== What the task requires ==
The answer must be an exact reproduction of the lines from the start of the records below through the line containing "Poloshirt (2er Pack)", and nothing more.

BEGIN Excerpted data

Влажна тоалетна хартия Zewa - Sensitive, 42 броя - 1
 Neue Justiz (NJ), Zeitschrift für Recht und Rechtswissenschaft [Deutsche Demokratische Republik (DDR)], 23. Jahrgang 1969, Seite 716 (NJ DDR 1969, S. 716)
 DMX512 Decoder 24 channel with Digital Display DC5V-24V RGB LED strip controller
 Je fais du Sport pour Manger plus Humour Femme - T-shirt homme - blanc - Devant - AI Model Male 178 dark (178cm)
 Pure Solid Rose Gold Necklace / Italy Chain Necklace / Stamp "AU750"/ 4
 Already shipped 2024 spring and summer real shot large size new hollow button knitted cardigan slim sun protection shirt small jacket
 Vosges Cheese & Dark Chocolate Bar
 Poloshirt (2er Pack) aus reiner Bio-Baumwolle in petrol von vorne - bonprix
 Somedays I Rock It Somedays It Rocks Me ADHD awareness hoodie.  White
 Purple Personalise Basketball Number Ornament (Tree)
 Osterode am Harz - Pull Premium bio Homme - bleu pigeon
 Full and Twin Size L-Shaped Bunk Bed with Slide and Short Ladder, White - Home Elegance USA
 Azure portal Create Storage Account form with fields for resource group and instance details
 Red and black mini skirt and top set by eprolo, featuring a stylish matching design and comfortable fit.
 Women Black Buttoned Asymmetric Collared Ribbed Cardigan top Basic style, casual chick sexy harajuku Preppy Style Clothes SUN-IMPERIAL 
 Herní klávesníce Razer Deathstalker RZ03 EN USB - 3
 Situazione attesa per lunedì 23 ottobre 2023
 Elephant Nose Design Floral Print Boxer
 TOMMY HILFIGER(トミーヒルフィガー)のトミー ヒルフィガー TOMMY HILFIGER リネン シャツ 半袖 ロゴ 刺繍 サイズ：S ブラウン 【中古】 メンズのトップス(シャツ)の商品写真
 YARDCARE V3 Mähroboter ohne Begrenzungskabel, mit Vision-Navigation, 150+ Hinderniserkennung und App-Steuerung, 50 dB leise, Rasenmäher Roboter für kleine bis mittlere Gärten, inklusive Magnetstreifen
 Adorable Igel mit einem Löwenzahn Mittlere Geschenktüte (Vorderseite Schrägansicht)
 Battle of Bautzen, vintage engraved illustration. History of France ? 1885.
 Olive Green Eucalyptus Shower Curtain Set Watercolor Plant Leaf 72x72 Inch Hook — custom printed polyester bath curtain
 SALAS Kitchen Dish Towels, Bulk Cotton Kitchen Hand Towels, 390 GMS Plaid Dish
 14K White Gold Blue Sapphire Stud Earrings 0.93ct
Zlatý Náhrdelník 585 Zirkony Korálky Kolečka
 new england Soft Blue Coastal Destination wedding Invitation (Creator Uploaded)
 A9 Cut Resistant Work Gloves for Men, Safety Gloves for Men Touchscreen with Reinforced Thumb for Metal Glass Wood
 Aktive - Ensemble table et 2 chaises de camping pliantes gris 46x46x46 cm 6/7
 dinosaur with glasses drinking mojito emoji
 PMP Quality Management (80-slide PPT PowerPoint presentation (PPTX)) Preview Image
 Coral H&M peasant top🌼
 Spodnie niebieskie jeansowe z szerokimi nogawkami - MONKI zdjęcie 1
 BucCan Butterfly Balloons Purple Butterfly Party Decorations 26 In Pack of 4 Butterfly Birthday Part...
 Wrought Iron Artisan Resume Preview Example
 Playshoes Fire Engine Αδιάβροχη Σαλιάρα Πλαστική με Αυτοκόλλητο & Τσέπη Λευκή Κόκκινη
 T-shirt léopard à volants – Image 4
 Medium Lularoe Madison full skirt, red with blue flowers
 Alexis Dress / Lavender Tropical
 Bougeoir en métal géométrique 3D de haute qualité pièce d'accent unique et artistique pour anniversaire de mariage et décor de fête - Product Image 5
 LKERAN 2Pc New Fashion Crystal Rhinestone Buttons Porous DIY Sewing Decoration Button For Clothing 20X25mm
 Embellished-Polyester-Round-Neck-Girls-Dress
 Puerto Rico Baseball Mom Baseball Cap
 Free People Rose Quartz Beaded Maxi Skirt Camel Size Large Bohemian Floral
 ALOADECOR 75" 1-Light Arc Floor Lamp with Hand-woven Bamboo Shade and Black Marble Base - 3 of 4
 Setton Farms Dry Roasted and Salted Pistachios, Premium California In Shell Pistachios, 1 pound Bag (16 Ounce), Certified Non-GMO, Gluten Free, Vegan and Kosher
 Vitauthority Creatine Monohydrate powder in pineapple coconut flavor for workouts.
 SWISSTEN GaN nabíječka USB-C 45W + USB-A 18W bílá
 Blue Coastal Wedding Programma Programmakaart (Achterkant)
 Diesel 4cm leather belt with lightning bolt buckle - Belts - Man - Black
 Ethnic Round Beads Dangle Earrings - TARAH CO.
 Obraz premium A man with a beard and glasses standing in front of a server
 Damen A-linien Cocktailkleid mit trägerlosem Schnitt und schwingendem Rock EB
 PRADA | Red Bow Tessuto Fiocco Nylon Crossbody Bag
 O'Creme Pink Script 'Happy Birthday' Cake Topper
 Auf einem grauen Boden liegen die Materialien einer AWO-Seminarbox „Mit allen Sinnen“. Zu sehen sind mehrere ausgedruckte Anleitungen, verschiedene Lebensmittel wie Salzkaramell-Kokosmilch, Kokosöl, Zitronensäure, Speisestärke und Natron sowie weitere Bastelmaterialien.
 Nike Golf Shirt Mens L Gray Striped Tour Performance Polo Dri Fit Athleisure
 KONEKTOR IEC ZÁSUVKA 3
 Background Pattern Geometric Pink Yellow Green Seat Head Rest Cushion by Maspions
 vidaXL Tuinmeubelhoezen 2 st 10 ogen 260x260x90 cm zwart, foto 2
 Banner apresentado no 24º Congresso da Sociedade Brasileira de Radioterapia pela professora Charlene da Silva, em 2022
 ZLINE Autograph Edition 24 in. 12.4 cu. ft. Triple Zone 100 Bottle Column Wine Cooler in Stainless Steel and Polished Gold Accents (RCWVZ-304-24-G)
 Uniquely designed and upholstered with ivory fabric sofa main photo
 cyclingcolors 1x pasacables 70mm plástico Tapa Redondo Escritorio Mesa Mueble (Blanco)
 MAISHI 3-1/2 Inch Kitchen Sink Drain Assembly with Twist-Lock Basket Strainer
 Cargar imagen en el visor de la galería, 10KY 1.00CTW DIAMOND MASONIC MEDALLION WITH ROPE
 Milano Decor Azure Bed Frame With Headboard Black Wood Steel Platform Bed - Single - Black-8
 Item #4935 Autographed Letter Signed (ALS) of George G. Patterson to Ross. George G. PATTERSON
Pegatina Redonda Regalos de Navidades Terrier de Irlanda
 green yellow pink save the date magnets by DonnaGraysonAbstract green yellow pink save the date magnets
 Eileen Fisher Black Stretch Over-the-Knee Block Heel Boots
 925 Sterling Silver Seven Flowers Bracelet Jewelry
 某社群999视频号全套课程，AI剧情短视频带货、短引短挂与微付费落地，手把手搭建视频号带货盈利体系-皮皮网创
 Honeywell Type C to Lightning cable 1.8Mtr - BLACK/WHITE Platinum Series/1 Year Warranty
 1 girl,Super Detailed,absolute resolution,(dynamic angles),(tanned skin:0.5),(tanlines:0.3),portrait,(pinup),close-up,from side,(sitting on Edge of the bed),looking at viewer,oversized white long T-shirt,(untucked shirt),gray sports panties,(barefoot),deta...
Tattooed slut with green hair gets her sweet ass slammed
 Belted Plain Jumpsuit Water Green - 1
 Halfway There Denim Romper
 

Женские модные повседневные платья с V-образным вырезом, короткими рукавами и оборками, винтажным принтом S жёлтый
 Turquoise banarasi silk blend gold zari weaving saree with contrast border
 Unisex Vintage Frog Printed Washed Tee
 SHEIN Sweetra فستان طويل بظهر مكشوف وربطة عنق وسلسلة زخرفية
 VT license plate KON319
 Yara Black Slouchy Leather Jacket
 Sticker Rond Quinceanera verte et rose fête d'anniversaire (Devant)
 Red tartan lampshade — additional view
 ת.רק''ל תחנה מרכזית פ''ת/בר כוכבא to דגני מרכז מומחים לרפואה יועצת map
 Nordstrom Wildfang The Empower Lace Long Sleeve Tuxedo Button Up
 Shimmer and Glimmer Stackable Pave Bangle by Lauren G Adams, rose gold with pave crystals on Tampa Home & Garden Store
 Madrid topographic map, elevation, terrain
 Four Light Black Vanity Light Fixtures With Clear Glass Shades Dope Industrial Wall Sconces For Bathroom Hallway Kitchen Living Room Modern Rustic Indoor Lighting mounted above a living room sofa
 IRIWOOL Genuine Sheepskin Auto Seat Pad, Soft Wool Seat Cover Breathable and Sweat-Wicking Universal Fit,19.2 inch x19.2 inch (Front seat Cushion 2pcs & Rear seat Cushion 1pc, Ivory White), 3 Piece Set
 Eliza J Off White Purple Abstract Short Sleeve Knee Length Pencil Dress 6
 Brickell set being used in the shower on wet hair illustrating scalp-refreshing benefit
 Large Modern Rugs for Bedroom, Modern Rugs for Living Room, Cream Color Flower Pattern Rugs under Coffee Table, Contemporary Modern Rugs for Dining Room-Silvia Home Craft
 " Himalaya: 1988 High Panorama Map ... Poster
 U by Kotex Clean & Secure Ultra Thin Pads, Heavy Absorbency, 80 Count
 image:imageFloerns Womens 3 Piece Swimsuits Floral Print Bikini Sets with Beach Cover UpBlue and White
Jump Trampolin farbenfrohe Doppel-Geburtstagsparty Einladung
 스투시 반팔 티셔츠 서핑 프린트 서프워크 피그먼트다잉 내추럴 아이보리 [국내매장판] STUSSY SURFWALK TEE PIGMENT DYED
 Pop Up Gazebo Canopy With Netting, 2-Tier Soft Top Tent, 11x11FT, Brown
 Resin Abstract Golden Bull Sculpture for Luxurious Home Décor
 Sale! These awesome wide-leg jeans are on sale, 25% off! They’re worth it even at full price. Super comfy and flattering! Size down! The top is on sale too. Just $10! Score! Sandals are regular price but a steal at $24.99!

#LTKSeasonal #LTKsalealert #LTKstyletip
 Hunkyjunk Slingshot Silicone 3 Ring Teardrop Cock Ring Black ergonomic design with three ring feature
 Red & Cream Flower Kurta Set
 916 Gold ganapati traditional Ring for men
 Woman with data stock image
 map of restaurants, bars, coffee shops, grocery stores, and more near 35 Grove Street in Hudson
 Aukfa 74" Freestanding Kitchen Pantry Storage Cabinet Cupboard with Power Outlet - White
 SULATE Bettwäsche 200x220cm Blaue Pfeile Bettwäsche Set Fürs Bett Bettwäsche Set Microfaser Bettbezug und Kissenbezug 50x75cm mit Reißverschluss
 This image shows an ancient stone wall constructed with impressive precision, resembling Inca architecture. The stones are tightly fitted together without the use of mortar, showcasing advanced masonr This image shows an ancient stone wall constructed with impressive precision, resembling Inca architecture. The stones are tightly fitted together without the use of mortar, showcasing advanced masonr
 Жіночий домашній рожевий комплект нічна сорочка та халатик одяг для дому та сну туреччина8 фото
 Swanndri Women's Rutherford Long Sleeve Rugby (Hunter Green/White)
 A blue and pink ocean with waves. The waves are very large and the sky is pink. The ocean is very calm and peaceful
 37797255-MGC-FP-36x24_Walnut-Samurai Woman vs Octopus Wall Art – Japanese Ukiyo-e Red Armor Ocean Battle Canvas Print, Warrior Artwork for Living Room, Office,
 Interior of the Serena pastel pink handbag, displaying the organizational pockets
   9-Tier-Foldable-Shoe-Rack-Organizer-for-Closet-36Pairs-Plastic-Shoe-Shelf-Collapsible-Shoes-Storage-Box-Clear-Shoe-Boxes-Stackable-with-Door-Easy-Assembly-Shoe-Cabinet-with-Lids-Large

END Excerpted data

== Response ==
Влажна тоалетна хартия Zewa - Sensitive, 42 броя - 1
 Neue Justiz (NJ), Zeitschrift für Recht und Rechtswissenschaft [Deutsche Demokratische Republik (DDR)], 23. Jahrgang 1969, Seite 716 (NJ DDR 1969, S. 716)
 DMX512 Decoder 24 channel with Digital Display DC5V-24V RGB LED strip controller
 Je fais du Sport pour Manger plus Humour Femme - T-shirt homme - blanc - Devant - AI Model Male 178 dark (178cm)
 Pure Solid Rose Gold Necklace / Italy Chain Necklace / Stamp "AU750"/ 4
 Already shipped 2024 spring and summer real shot large size new hollow button knitted cardigan slim sun protection shirt small jacket
 Vosges Cheese & Dark Chocolate Bar
 Poloshirt (2er Pack) aus reiner Bio-Baumwolle in petrol von vorne - bonprix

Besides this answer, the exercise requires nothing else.